Caption-style text data
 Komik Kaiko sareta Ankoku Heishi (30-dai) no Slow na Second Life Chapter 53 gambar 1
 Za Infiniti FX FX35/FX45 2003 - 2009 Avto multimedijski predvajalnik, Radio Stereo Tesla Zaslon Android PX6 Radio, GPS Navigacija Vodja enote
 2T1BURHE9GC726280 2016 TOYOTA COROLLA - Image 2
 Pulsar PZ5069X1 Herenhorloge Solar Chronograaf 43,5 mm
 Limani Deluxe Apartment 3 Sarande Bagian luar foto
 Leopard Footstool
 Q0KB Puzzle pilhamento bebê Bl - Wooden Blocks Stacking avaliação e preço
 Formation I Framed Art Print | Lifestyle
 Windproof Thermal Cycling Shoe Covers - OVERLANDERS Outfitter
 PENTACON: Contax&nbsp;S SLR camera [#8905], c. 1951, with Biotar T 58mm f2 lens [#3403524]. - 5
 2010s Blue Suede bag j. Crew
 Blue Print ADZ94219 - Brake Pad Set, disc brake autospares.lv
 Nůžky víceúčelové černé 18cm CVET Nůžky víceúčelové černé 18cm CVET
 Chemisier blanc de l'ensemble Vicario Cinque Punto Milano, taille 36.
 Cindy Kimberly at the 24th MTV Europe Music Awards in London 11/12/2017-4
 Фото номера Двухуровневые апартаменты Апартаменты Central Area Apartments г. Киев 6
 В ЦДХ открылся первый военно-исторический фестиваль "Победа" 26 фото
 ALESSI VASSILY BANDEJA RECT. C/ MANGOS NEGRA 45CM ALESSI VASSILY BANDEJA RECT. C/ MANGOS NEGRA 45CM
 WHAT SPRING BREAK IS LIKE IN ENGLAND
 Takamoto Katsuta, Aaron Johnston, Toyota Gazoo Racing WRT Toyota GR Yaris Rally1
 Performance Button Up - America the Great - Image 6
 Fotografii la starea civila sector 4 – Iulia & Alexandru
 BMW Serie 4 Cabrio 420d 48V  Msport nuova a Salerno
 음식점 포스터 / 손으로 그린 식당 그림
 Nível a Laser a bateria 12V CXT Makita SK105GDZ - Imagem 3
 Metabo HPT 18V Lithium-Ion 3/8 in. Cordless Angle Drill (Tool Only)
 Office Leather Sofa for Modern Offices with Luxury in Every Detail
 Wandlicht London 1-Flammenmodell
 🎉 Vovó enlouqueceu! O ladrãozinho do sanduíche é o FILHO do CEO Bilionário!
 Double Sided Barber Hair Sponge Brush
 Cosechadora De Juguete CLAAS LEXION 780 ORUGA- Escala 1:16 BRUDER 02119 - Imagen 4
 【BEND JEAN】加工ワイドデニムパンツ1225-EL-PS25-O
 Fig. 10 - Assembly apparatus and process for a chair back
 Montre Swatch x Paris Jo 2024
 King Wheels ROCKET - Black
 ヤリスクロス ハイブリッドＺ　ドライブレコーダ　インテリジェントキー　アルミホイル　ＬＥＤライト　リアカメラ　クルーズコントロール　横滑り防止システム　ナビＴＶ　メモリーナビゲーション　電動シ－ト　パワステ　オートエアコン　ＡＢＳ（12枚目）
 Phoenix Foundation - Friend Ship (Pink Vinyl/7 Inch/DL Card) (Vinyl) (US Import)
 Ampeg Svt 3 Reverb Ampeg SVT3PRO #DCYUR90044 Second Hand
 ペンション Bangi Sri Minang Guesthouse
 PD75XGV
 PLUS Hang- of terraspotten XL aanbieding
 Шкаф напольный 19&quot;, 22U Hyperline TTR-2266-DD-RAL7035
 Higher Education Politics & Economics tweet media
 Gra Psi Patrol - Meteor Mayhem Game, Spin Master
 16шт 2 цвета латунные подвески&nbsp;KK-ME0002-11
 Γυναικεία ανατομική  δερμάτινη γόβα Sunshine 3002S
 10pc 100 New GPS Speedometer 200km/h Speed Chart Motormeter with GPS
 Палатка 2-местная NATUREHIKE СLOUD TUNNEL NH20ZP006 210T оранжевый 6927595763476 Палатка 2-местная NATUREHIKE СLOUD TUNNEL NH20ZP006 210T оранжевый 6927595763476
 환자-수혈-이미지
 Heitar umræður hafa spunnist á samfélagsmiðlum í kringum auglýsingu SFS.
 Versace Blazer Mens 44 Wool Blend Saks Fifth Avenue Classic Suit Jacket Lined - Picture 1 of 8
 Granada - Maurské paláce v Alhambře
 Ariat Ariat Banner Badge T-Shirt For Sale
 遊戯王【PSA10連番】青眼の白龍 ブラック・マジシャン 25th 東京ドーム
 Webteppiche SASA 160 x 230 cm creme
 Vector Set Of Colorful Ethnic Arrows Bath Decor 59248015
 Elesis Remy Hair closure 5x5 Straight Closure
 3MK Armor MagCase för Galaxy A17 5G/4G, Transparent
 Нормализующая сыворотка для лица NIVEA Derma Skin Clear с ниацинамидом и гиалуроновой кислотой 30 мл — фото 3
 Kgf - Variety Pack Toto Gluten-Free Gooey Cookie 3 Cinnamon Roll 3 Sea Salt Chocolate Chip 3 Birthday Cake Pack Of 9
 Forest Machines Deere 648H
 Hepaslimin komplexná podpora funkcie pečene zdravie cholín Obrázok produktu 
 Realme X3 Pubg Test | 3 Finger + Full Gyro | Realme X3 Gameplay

Instructions for the task: Nothing but an exact reproduction of the entries is wanted.

Result:
 Komik Kaiko sareta Ankoku Heishi (30-dai) no Slow na Second Life Chapter 53 gambar 1
 Za Infiniti FX FX35/FX45 2003 - 2009 Avto multimedijski predvajalnik, Radio Stereo Tesla Zaslon Android PX6 Radio, GPS Navigacija Vodja enote
 2T1BURHE9GC726280 2016 TOYOTA COROLLA - Image 2
 Pulsar PZ5069X1 Herenhorloge Solar Chronograaf 43,5 mm
 Limani Deluxe Apartment 3 Sarande Bagian luar foto
 Leopard Footstool
 Q0KB Puzzle pilhamento bebê Bl - Wooden Blocks Stacking avaliação e preço
 Formation I Framed Art Print | Lifestyle
 Windproof Thermal Cycling Shoe Covers - OVERLANDERS Outfitter
 PENTACON: Contax&nbsp;S SLR camera [#8905], c. 1951, with Biotar T 58mm f2 lens [#3403524]. - 5
 2010s Blue Suede bag j. Crew
 Blue Print ADZ94219 - Brake Pad Set, disc brake autospares.lv
 Nůžky víceúčelové černé 18cm CVET Nůžky víceúčelové černé 18cm CVET
 Chemisier blanc de l'ensemble Vicario Cinque Punto Milano, taille 36.
 Cindy Kimberly at the 24th MTV Europe Music Awards in London 11/12/2017-4
 Фото номера Двухуровневые апартаменты Апартаменты Central Area Apartments г. Киев 6
 В ЦДХ открылся первый военно-исторический фестиваль "Победа" 26 фото
 ALESSI VASSILY BANDEJA RECT. C/ MANGOS NEGRA 45CM ALESSI VASSILY BANDEJA RECT. C/ MANGOS NEGRA 45CM
 WHAT SPRING BREAK IS LIKE IN ENGLAND
 Takamoto Katsuta, Aaron Johnston, Toyota Gazoo Racing WRT Toyota GR Yaris Rally1
 Performance Button Up - America the Great - Image 6
 Fotografii la starea civila sector 4 – Iulia & Alexandru
 BMW Serie 4 Cabrio 420d 48V  Msport nuova a Salerno
 음식점 포스터 / 손으로 그린 식당 그림
 Nível a Laser a bateria 12V CXT Makita SK105GDZ - Imagem 3
 Metabo HPT 18V Lithium-Ion 3/8 in. Cordless Angle Drill (Tool Only)
 Office Leather Sofa for Modern Offices with Luxury in Every Detail
 Wandlicht London 1-Flammenmodell
 🎉 Vovó enlouqueceu! O ladrãozinho do sanduíche é o FILHO do CEO Bilionário!
 Double Sided Barber Hair Sponge Brush
 Cosechadora De Juguete CLAAS LEXION 780 ORUGA- Escala 1:16 BRUDER 02119 - Imagen 4
 【BEND JEAN】加工ワイドデニムパンツ1225-EL-PS25-O
 Fig. 10 - Assembly apparatus and process for a chair back
 Montre Swatch x Paris Jo 2024
 King Wheels ROCKET - Black
 ヤリスクロス ハイブリッドＺ　ドライブレコーダ　インテリジェントキー　アルミホイル　ＬＥＤライト　リアカメラ　クルーズコントロール　横滑り防止システム　ナビＴＶ　メモリーナビゲーション　電動シ－ト　パワステ　オートエアコン　ＡＢＳ（12枚目）
 Phoenix Foundation - Friend Ship (Pink Vinyl/7 Inch/DL Card) (Vinyl) (US Import)
 Ampeg Svt 3 Reverb Ampeg SVT3PRO #DCYUR90044 Second Hand
 ペンション Bangi Sri Minang Guesthouse
 PD75XGV
 PLUS Hang- of terraspotten XL aanbieding
 Шкаф напольный 19&quot;, 22U Hyperline TTR-2266-DD-RAL7035
 Higher Education Politics & Economics tweet media
 Gra Psi Patrol - Meteor Mayhem Game, Spin Master
 16шт 2 цвета латунные подвески&nbsp;KK-ME0002-11
 Γυναικεία ανατομική  δερμάτινη γόβα Sunshine 3002S
 10pc 100 New GPS Speedometer 200km/h Speed Chart Motormeter with GPS
 Палатка 2-местная NATUREHIKE СLOUD TUNNEL NH20ZP006 210T оранжевый 6927595763476 Палатка 2-местная NATUREHIKE СLOUD TUNNEL NH20ZP006 210T оранжевый 6927595763476
 환자-수혈-이미지
 Heitar umræður hafa spunnist á samfélagsmiðlum í kringum auglýsingu SFS.
 Versace Blazer Mens 44 Wool Blend Saks Fifth Avenue Classic Suit Jacket Lined - Picture 1 of 8
 Granada - Maurské paláce v Alhambře
 Ariat Ariat Banner Badge T-Shirt For Sale
 遊戯王【PSA10連番】青眼の白龍 ブラック・マジシャン 25th 東京ドーム
 Webteppiche SASA 160 x 230 cm creme
 Vector Set Of Colorful Ethnic Arrows Bath Decor 59248015
 Elesis Remy Hair closure 5x5 Straight Closure
 3MK Armor MagCase för Galaxy A17 5G/4G, Transparent
 Нормализующая сыворотка для лица NIVEA Derma Skin Clear с ниацинамидом и гиалуроновой кислотой 30 мл — фото 3
 Kgf - Variety Pack Toto Gluten-Free Gooey Cookie 3 Cinnamon Roll 3 Sea Salt Chocolate Chip 3 Birthday Cake Pack Of 9
 Forest Machines Deere 648H
 Hepaslimin komplexná podpora funkcie pečene zdravie cholín Obrázok produktu 
 Realme X3 Pubg Test | 3 Finger + Full Gyro | Realme X3 Gameplay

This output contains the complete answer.